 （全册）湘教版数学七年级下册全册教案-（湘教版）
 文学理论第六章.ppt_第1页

--

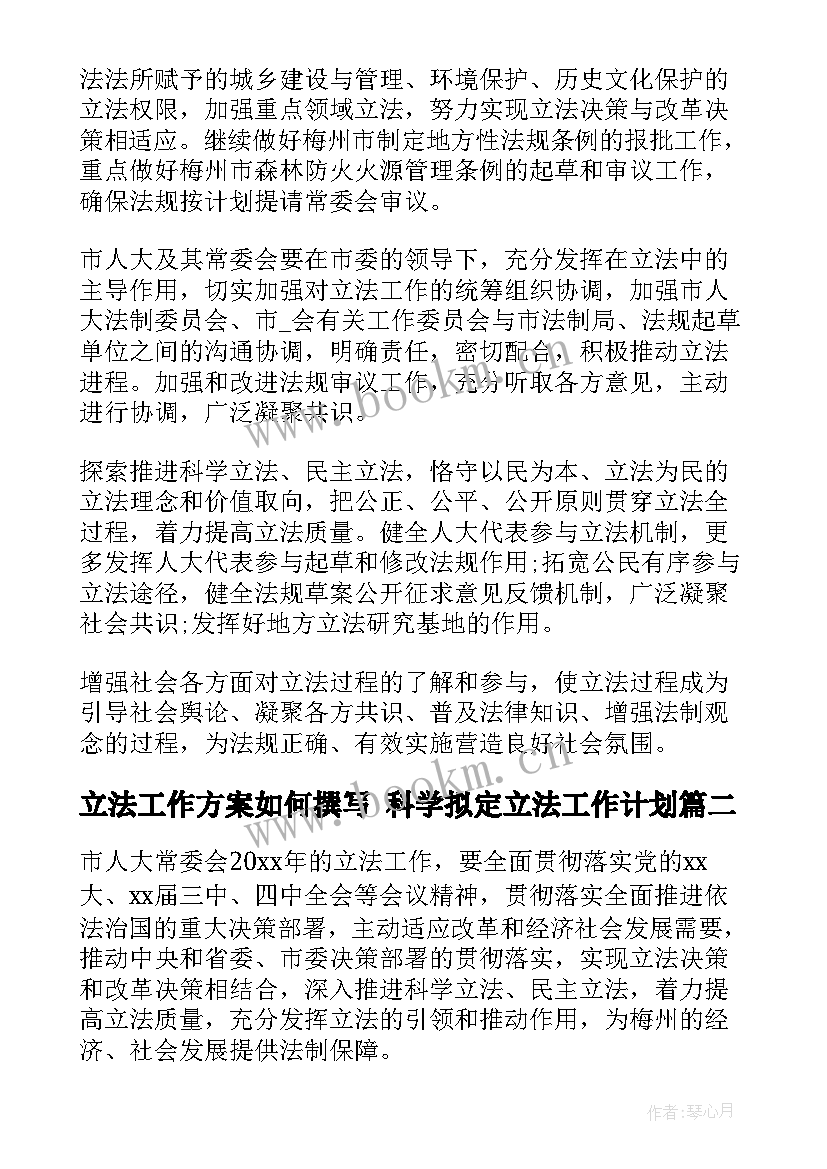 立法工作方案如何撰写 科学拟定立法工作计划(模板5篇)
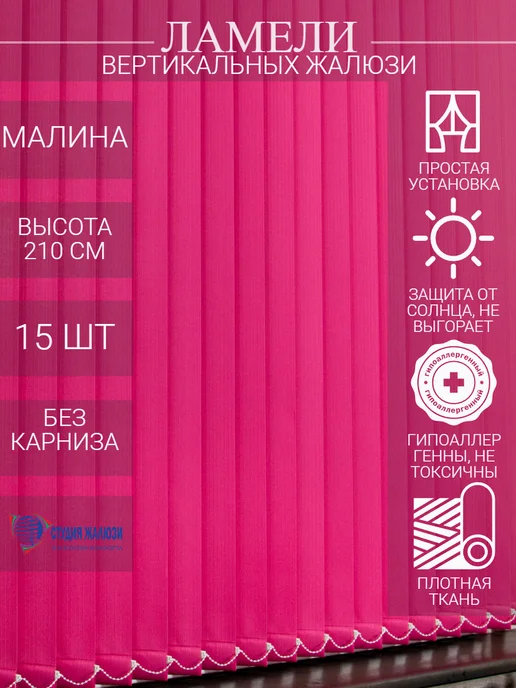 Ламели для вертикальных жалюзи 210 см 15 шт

* * *

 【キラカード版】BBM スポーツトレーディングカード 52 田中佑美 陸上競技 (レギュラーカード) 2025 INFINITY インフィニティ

# [Instructions to follow]
From the listing above, restate verbatim the lines running from the one with "立法工作方案如何撰写 科学拟定立法工作计划(模板5篇)" through the one with "Ламели для вертикальных жалюзи 210 см 15 шт", inclusive, but not the pictures.

# [Answer box]
 立法工作方案如何撰写 科学拟定立法工作计划(模板5篇)
 Ламели для вертикальных жалюзи 210 см 15 шт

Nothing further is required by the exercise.